Rearing back, I slip my dick almost completely out of her, tipping my chin as I smirk at the sight of her wetness coating me, then bury myself deep inside of her again with a moan. Her entire body trembles beneath me, her hips rearing back, silently begging for more.
The move unleashes me, and I fuck her. It’s hard and relentless. She cries out softly, begging me for more. It’s better than I could have imagined. And I can’t wait to do it again, every single night until the day I die.
Keeping my attention focused on our connection, I move inside of her, hand over hers. I feel her fingers between her legs and the wetness that follows. She’s climbing higher and higher. I’m ready for her to tip over the edge.
I’m close myself, but I’m going to grit my teeth and wait for her. I need to feel her cunt squeeze me. I need her to be right here with me. I need to know that she’s mine. Biting the inside of my cheek, I don’t stop moving.
I continue my hard and fast pace until I feel it.
Until I hear her.
Until Ifeelher.
Wrenly comes, and I follow right behind her. One thrust, then two before I bury myself deep inside of her and fill her with my cum. Her pussy pulses around me, holding me inside of her, and there is literally nowhere else I would rather be right now but right fucking here with my woman.
TWENTY-THREE
WRENLY
Sitting on the plane,I stare out of the window, watching as Ryan and I take off and leave Ohio. I’ve never wanted to have a plane turn around more than I do right at this very moment.

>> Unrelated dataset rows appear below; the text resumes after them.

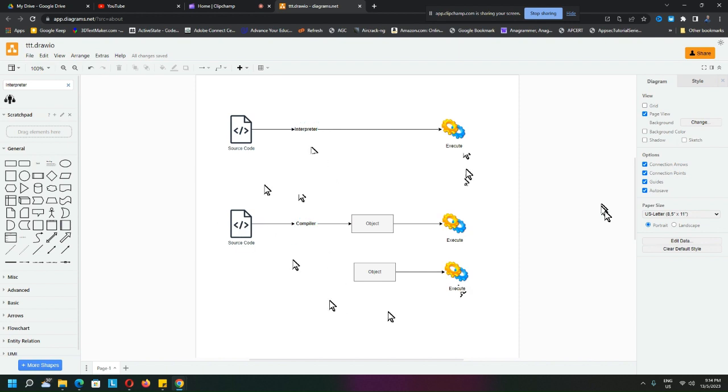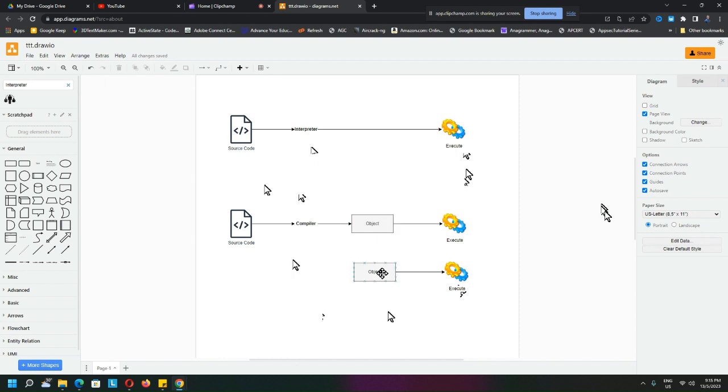If you look at how the interpreter and the compiler work, hopefully this will give you an idea. The next time when you write code, see how it works - does it create an object code? From there you can deduce whether it is an interpreter or a compiler that you're using.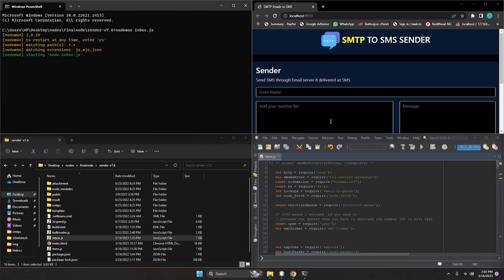Hey guys, welcome to another video tutorial. I have an SMTP to SMS sender that can send an email but it will deliver as an SMS. There are too many things and improvements I have done in the last two months.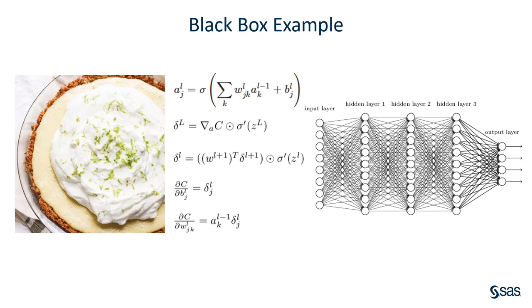The black box model, on the other hand, is kind of like the key lime pie. There's a lot of ingredients in there. Things like condensed milk, sour cream, lime juice, lime zest, whipping cream, sugar, graham crackers, butter, eggs.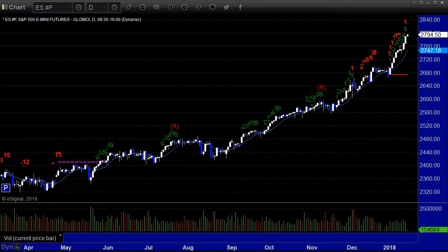Charts as usual brought to you by eSignal. If you've not yet taken the trial of our services, feel free to do so — we'll help you out for a couple of weeks. Have a great trading week. Short week.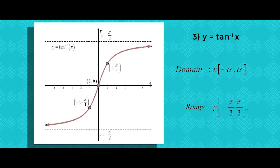I'm not going to show the graph of the other three functions — sec inverse, cot inverse, and cosecant inverse. You can use the same concept and try the graphs of the remaining three inverse functions yourself.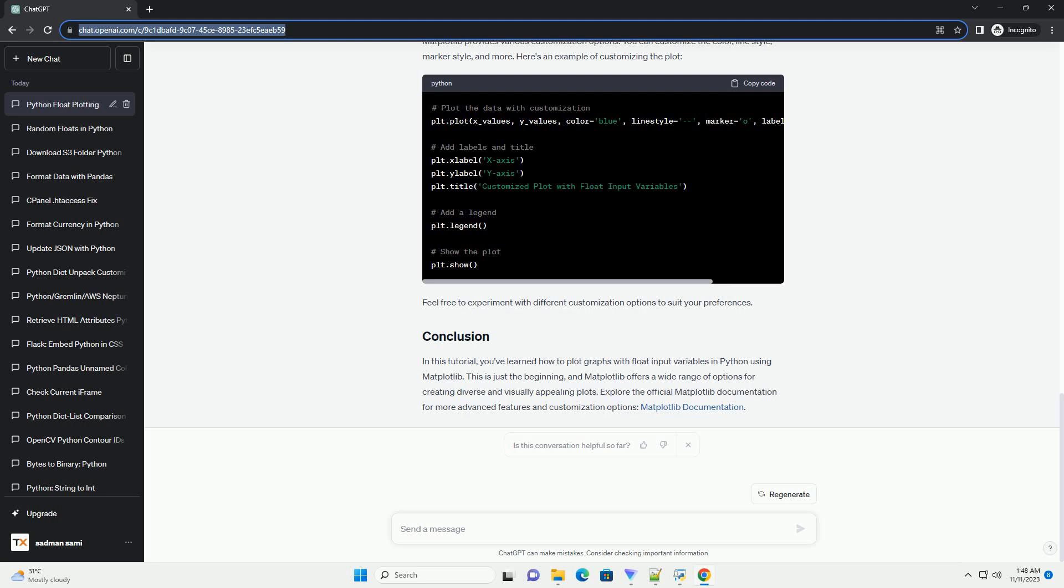Matplotlib provides various customization options. You can customize the color, line style, marker style, and more. Here's an example of customizing the plot.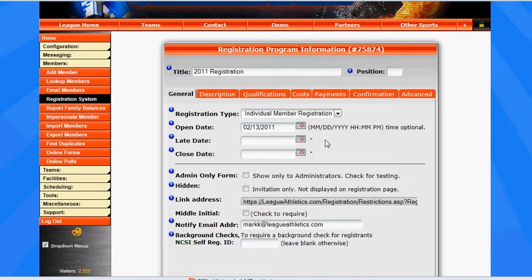Hi, this is Mark at LeagueAthletics.com, and I'm going to talk about setting up payment schedules within your registration program. The payment schedules can be used to collect funds over a period of time for a large cost for your registration program.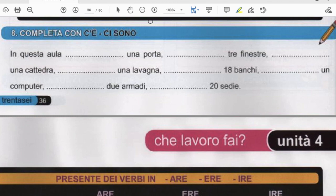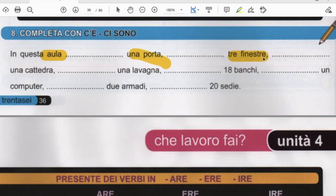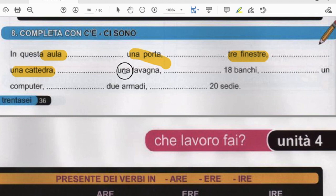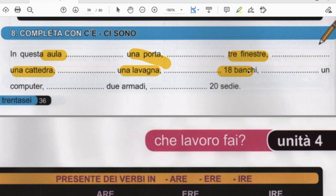In questa aula, meaning classroom: c'è una porta, ci sono tre finestre — three windows, c'è una cattedra — that is the desk of a professor, of a teacher — c'è una lavagna — blackboard or nowadays whiteboard — ci sono diciotto banchi, 18 desks.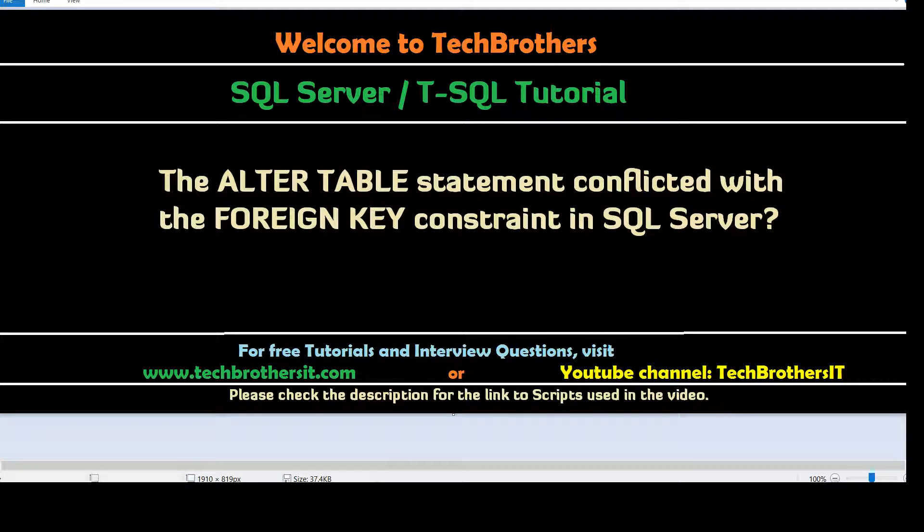Welcome to Tech Brothers with Damir. In this video, we are going to understand this error and then find a solution.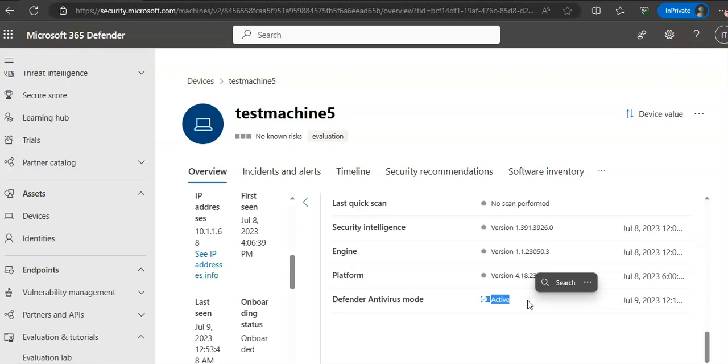This is what I wanted to share with you about device inventory list. If you have any further questions, please let me know in the comment section and I'll see you guys in the next video. Thank you, have a good day.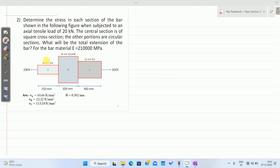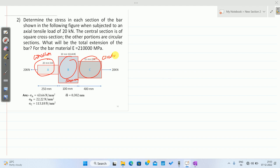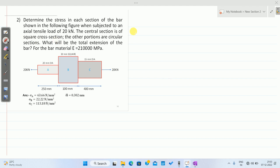In this problem, section 1 is circular, the middle portion is a square section, and section 3 is again circular. It is required to calculate stresses in each section — sigma 1, sigma 2, and sigma 3 — as well as the total extension delta L.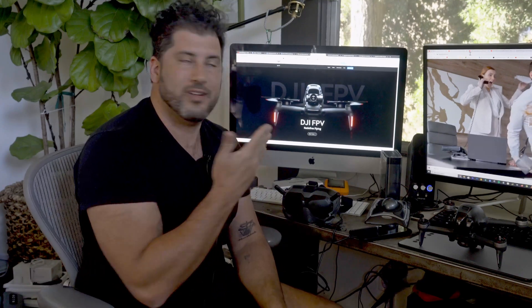So you just got your DJI FPV drone and you cannot bind it or connect it to your phone no matter what you try. Hopefully this is going to help you out.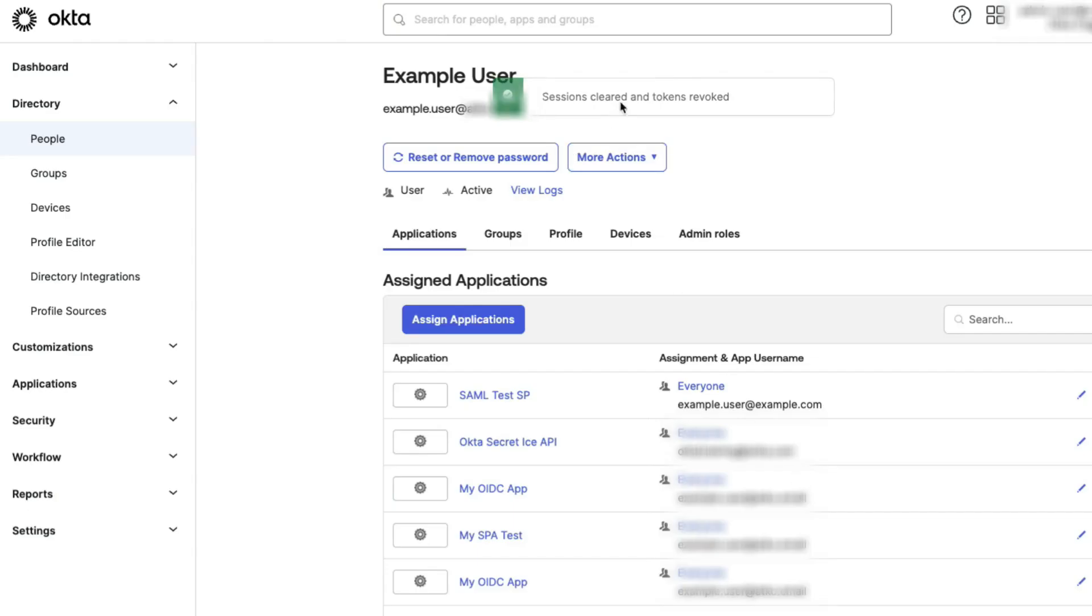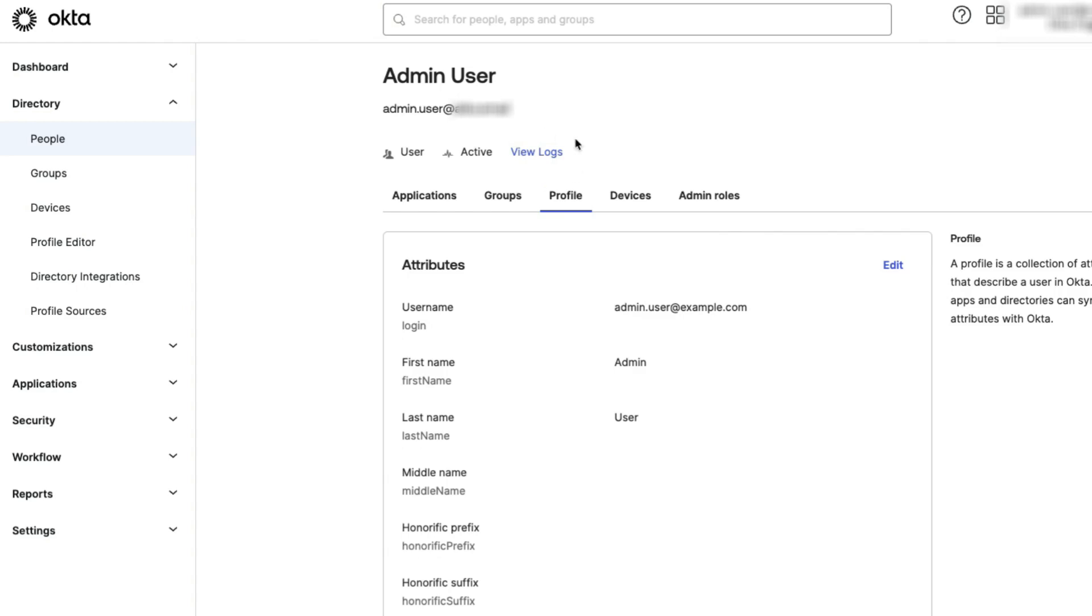The More Actions button will not appear if you are logged in as the user whose profile page is loaded. Note also that the Clear User Sessions action is available only for active users. This option will not be available for users in a password reset state or who have been reactivated.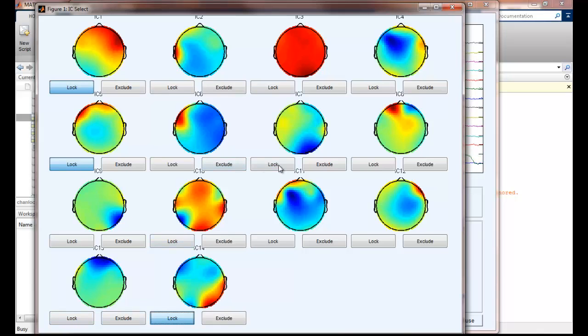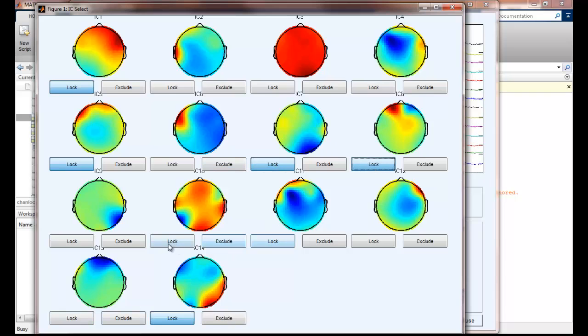We can also exclude the ones we don't like. We can see some informative components such as occipital and prefrontal ICs right now.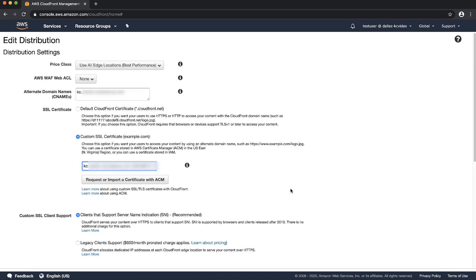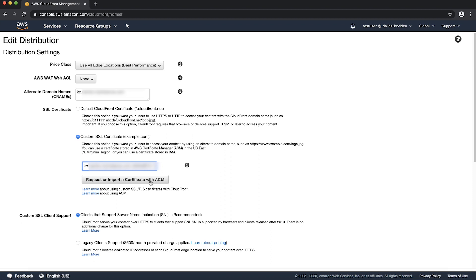If you don't have a valid certificate, you can request a no-cost certificate by choosing the 'Request or Import a Certificate with ACM' button. Note that the certificate must include the CNAMEs that the CloudFront distribution uses.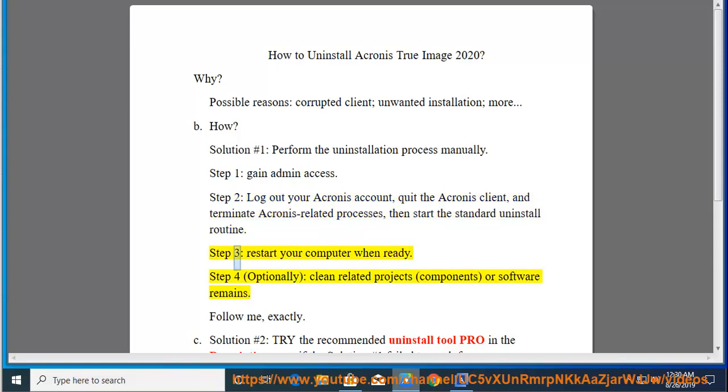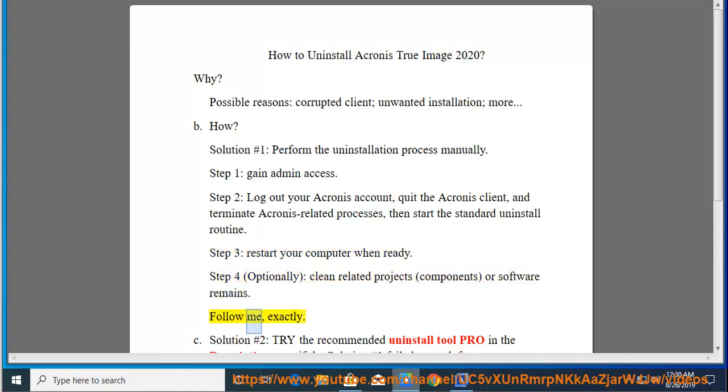Step 3: Restart your computer when ready. Step 4: Optionally clean related projects, components, or software remains. Follow me exactly.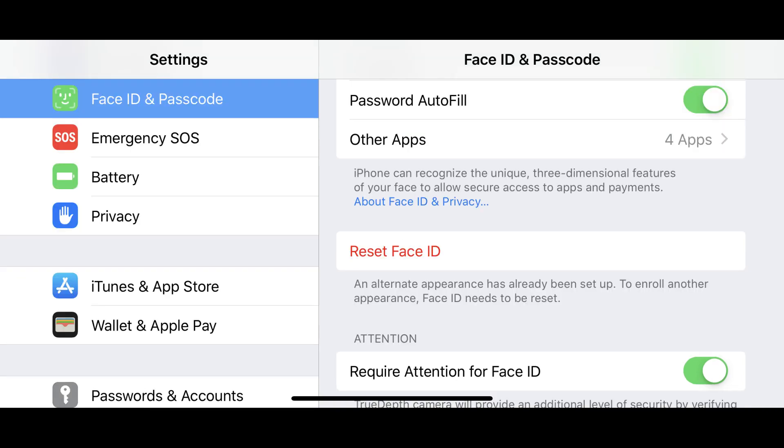Take note that a Reset Face ID button is now in the place of the button you tapped previously to initiate setting up your second Face ID on your iPhone or iPad. If at any point you want to change either of the Face IDs you've set up on your iPhone or iPad, you'll need to reset Face ID entirely.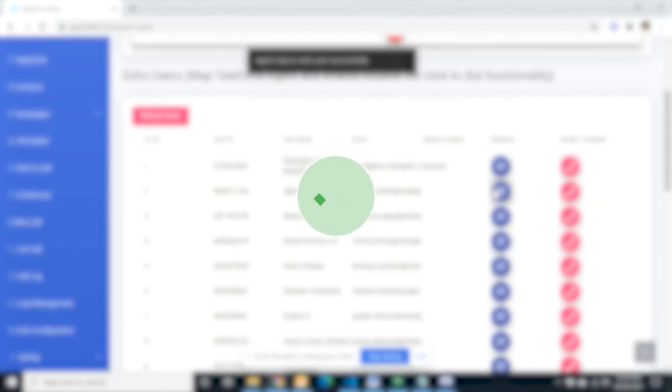You have successfully mapped Zoho and Teleforce users. Repeat the same for all other users. Thank you.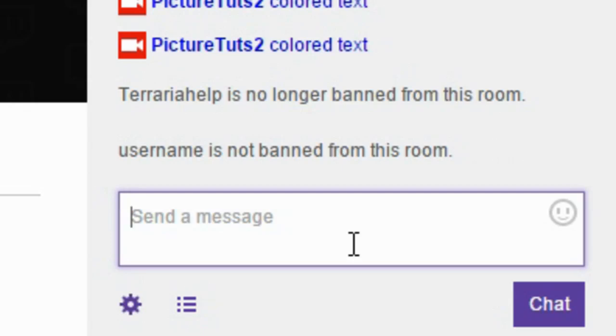I really hope this quick tutorial helped on how to unban people on Twitch TV. Be sure to leave a like and a nice comment if it did, and you can always subscribe for more random tutorials.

I inhale a deep breath and hold it for a moment, then let it out slowly. Ryan claps. His focus is out of the little plane window. My focus is in the same place but for a different reason. I’m not mesmerized by the clouds. I’m preoccupied with thoughts of Eli.
Thoughts of me and Eli and how I’m going to fit into his life. How he’s going to fit in our lives. I want to be part of him and for him to be part of us. I want to move to Ohio and really try. I never thought I would be back here, that I would want to live here.
Not just because the sex is amazing but because I’ve lived two years thinking the absolute wrong thing, a miscommunication that could have been avoided had I just answered the phone. Had I been adult enough to just talk to Eli, things would have been drastically different.
But maybe this is the way it’s supposed to be.